By President Michael Lindsay
To take some liberties with a line from T. S. Eliot’s Four Quartets: “The city is within us; the city is all around us.”
Gordon relocated to Wenham from Boston’s Fenway in 1955, and at the time that seemed like retreating from a world-class city to the country. But history has a way of coming full circle. Shortly before Gordon moved its operations into Frost Hall, the final segment of Route 128 (from Danvers to Gloucester) was completed. People sometimes called it the “road to nowhere.”
Because of people like technology pioneer Ken Olsen, though, before long that road to nowhere became “America’s Technology Highway.” Olsen joined the Gordon Board of Trustees in 1961, bringing his blend of faith and business savvy to Wenham just one year after the College introduced its first science courses.

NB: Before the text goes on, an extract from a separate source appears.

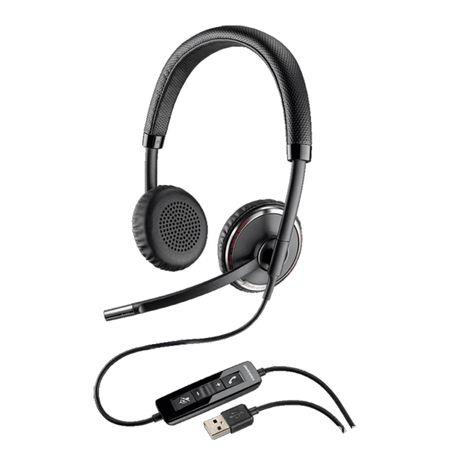 Casca Call Center Plantronics BLACKWIRE C520-M, USB, Microsoft Certified, Binaural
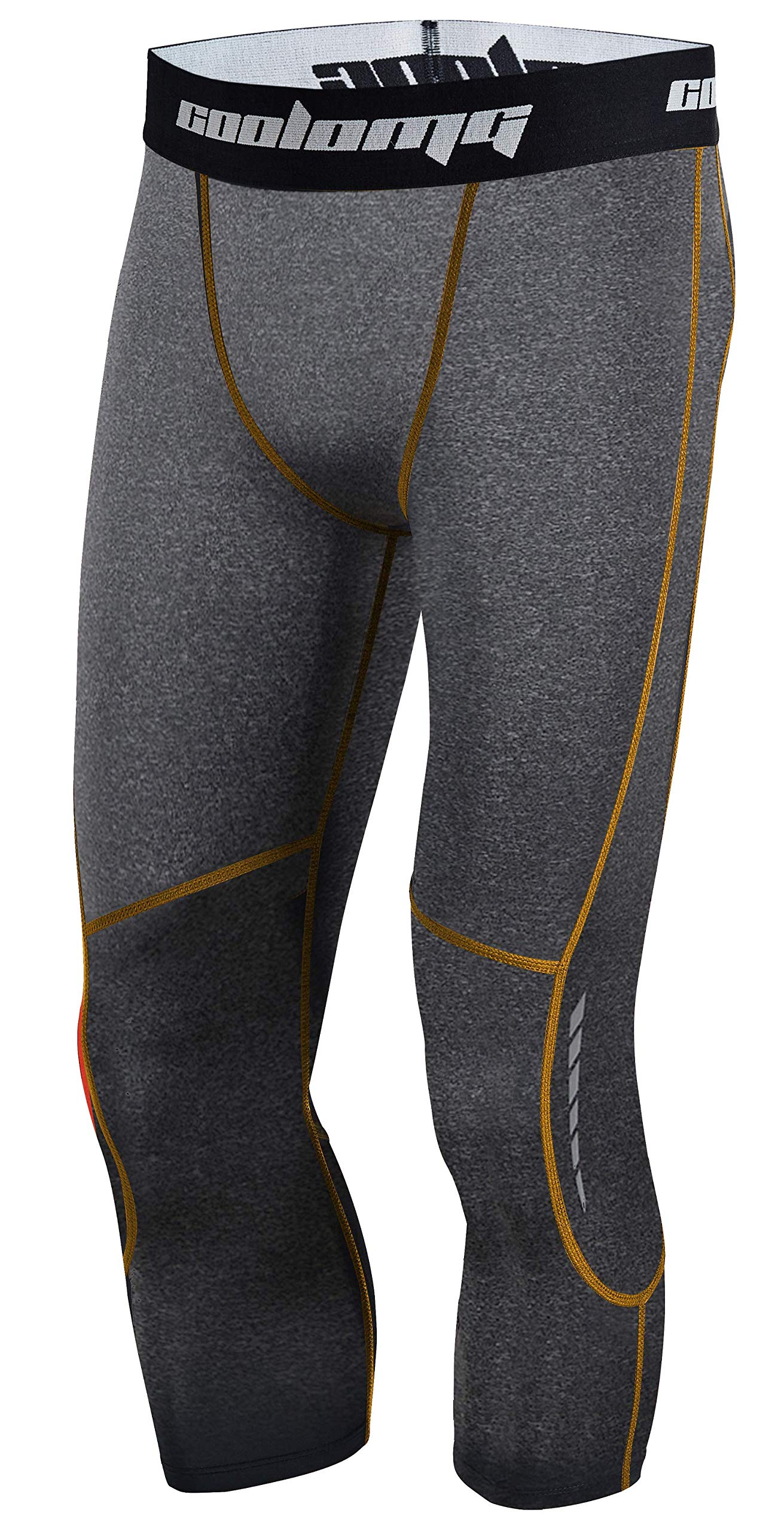 Men Base Layer Exercise Trousers Compression Running Tight Sport Cropped  One Leg Leggings Basketball Football Yoga Fitness Pants | Fruugo NO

Information technology’s center of gravity lies westward in California’s Silicon Valley, but the 128 beltway is now the Tigris and Euphrates of biotechnology innovation. Universities, research facilities and biotech businesses are spread along its path. Gordon grad Craig Story ‘89 earned his Ph.D. in molecular biology at Brandeis University in Waltham, and did post-doctoral work at MIT and Harvard Medical School. In 2002 he drove back up north to join the Gordon biology faculty, and began involving students in his research, creating diagnostic tools that can be used by the world’s poor.
That’s just one example of how close we are to people and institutions of great influence. And there is much that we bring to these relationships as well. Trustee Joe Krivickas, CEO of the software company SmartBear, sees these partnerships and pathways as “beachheads.” Joe became increasingly invested in the College as he witnessed what can happen when students connect with people, places and resources they might not experience elsewhere. Gordon’s new Center for Entrepreneurial Leadership, in which Krivickas is deeply involved, will help take these connections to the next level.
The aerial view of campus on the opening page of the features section of this online issue of Stillpoint is revealing. The Coy Pond side of Gordon—the Olsen and Phillips buildings, Lane Student Center and the Chapel—dominates the foreground. The rest of campus blends seamlessly into the wooded suburbs of the North Shore. Clearly discernible, just 26 miles south, is a bright sliver of Boston skyline. To take some liberties with a line from T. S. Eliot’s Four Quartets: “The city is within us; the city is all around us.”
We will always love our beautiful wooded campus. But we will increasingly also stress our very real strategic location—and all that it links us to.